Source records:
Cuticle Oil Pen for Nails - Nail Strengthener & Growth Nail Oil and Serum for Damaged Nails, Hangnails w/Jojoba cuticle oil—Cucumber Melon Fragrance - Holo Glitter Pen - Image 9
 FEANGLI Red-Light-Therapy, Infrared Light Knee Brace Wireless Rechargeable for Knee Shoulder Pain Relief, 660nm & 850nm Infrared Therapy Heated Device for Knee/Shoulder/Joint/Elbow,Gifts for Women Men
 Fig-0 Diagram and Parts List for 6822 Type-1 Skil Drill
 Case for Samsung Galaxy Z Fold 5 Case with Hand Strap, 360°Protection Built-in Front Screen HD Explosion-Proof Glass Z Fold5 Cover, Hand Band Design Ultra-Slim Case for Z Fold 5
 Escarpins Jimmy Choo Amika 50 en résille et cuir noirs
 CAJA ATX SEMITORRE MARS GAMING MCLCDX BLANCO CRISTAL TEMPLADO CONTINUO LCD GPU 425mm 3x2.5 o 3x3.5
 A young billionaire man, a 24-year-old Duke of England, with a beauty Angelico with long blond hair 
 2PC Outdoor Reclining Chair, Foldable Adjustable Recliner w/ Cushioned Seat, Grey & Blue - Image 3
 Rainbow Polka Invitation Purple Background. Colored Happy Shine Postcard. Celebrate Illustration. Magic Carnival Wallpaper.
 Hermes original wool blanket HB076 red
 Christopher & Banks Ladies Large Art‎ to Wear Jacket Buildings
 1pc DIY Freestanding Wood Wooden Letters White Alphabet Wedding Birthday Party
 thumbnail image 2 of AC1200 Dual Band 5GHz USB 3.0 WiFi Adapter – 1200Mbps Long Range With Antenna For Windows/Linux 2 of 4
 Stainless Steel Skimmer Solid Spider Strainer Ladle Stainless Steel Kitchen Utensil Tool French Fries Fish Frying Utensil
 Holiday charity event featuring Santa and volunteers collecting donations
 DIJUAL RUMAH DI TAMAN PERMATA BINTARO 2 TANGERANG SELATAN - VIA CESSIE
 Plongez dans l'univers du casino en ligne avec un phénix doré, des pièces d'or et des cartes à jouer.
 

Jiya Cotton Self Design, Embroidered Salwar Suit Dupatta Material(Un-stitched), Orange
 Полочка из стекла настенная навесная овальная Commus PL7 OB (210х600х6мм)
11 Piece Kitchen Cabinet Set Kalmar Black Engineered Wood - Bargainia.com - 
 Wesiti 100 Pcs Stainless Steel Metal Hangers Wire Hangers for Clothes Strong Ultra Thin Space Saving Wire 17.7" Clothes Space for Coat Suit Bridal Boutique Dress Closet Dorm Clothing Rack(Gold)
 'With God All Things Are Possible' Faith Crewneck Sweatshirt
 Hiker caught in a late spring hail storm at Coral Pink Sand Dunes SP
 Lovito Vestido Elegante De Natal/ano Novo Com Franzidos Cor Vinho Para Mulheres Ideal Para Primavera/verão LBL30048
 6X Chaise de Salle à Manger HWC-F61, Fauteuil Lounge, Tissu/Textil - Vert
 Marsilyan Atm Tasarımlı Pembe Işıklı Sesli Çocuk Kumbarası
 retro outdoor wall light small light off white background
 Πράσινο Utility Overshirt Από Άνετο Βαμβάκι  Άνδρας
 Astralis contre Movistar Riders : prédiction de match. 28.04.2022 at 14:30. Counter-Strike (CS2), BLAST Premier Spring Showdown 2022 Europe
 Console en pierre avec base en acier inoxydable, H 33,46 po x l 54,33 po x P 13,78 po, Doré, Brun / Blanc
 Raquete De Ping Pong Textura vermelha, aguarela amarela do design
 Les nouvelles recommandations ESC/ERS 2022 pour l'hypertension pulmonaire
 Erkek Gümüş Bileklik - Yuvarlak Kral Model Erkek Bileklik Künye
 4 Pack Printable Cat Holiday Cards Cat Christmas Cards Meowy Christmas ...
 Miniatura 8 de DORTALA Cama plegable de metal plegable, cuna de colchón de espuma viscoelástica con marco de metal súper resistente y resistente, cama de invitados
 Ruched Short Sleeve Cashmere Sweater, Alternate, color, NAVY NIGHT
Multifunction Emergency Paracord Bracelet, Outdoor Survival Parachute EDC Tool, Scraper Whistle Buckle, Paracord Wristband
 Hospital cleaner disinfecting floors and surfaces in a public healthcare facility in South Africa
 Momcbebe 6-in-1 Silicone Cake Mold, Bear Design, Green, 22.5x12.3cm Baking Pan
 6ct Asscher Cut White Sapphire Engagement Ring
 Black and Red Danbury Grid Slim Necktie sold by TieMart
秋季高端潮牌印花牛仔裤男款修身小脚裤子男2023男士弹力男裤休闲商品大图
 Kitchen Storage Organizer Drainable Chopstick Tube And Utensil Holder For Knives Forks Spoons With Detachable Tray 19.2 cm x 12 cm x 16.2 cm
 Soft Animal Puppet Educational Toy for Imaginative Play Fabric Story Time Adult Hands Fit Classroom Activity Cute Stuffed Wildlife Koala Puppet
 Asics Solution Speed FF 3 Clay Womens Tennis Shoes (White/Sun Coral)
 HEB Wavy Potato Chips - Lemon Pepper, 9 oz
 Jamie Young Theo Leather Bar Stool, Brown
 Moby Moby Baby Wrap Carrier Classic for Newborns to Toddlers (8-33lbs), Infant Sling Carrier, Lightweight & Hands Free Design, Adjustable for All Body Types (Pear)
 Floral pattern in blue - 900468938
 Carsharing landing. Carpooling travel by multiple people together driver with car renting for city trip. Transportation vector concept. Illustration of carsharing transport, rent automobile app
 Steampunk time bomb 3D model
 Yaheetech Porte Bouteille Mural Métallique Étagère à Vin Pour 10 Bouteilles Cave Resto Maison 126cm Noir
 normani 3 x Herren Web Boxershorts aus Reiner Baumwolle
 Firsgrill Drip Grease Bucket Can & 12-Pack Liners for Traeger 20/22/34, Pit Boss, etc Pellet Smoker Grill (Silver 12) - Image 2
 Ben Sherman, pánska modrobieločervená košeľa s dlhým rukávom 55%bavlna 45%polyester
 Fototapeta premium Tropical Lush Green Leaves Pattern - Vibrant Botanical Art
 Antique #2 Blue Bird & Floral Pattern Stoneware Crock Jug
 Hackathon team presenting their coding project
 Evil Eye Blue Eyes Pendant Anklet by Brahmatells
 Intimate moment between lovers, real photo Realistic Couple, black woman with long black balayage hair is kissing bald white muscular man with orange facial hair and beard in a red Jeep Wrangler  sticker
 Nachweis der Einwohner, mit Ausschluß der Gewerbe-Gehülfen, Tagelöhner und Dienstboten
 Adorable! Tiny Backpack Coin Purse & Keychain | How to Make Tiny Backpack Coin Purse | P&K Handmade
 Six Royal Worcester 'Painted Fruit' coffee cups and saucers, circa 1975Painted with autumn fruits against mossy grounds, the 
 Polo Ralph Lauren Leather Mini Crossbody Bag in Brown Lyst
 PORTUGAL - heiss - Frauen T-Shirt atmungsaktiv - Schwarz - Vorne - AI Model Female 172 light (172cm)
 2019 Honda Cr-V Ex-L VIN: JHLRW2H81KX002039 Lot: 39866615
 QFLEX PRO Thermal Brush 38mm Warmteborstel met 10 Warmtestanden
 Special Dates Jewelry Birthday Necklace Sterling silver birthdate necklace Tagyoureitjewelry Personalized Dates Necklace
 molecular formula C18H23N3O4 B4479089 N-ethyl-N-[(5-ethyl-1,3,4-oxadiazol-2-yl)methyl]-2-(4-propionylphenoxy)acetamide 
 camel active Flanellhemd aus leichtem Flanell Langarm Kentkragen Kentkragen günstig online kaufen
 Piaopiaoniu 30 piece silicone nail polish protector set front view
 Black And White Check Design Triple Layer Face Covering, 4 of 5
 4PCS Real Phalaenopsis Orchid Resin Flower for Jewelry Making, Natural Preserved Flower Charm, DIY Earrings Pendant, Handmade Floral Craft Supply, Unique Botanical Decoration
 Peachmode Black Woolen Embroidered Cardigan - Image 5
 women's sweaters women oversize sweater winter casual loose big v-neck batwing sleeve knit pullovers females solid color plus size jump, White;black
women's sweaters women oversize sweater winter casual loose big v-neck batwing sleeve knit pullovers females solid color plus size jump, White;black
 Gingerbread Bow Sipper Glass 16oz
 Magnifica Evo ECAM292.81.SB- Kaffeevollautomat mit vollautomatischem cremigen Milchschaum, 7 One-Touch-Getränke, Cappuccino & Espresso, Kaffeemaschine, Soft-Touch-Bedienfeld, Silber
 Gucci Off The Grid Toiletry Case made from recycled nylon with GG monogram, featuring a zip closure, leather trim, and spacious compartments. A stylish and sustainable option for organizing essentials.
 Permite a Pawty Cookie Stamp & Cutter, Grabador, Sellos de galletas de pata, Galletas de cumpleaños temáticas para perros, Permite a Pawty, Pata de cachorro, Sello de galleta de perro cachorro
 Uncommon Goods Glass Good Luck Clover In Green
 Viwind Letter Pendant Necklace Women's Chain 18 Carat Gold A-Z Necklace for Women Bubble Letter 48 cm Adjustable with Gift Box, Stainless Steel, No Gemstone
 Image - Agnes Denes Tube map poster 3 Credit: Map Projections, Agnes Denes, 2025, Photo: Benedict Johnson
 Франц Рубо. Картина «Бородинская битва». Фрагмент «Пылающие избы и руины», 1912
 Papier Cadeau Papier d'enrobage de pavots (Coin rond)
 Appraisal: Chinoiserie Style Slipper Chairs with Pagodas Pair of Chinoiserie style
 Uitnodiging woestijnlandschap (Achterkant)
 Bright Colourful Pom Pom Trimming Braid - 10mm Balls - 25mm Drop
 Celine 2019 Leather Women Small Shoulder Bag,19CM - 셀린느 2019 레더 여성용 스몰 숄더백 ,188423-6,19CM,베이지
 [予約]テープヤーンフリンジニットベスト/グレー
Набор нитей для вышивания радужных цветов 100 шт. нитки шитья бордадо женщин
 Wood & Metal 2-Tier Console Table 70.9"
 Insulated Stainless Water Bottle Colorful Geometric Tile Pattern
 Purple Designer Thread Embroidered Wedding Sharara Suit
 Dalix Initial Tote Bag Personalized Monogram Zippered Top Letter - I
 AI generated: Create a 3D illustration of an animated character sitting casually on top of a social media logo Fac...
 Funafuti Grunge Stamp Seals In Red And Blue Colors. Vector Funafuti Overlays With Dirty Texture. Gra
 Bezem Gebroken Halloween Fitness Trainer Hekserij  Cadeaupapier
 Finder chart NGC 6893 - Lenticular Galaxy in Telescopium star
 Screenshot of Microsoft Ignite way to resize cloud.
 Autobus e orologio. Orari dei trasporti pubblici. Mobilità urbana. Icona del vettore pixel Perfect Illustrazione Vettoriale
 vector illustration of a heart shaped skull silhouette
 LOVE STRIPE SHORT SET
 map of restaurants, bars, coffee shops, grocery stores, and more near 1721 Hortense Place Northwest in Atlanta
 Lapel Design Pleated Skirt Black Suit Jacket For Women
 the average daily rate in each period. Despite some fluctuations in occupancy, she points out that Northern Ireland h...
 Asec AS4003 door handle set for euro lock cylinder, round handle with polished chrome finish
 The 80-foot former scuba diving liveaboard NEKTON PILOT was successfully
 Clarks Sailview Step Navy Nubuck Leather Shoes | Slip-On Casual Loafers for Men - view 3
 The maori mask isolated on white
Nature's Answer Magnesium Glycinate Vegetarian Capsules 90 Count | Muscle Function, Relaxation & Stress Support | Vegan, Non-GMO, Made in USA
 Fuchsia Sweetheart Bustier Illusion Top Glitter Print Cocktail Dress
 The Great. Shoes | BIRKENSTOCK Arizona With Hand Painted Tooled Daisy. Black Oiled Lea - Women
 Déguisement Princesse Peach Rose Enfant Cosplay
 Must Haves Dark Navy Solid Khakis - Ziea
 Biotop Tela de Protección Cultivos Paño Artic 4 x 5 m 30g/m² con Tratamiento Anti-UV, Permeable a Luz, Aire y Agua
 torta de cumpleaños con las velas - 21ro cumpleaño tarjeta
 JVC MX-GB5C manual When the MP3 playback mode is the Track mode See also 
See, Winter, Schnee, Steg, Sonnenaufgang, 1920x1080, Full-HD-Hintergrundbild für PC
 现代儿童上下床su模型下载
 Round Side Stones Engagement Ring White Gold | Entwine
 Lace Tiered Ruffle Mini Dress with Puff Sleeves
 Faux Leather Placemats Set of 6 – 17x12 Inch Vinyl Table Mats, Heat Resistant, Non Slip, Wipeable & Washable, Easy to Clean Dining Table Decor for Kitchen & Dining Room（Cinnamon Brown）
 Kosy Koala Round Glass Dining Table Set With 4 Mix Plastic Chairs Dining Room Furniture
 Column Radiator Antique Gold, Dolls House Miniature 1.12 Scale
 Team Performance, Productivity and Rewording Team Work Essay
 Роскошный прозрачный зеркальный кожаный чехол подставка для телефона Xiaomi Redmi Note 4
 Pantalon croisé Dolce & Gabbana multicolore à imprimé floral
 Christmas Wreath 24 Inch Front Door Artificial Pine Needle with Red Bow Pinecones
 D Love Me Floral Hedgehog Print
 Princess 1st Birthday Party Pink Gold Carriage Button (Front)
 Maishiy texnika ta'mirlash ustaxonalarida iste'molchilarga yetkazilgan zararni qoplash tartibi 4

## Problem requirements
Retype only this portion of the data above: the line containing "Piaopiaoniu 30 piece", the line containing "Gingerbread Bow Sipper Glass 16oz", and all lines between them, exactly.

## Response to the exercise
 Piaopiaoniu 30 piece silicone nail polish protector set front view
 Black And White Check Design Triple Layer Face Covering, 4 of 5
 4PCS Real Phalaenopsis Orchid Resin Flower for Jewelry Making, Natural Preserved Flower Charm, DIY Earrings Pendant, Handmade Floral Craft Supply, Unique Botanical Decoration
 Peachmode Black Woolen Embroidered Cardigan - Image 5
 women's sweaters women oversize sweater winter casual loose big v-neck batwing sleeve knit pullovers females solid color plus size jump, White;black
women's sweaters women oversize sweater winter casual loose big v-neck batwing sleeve knit pullovers females solid color plus size jump, White;black
 Gingerbread Bow Sipper Glass 16oz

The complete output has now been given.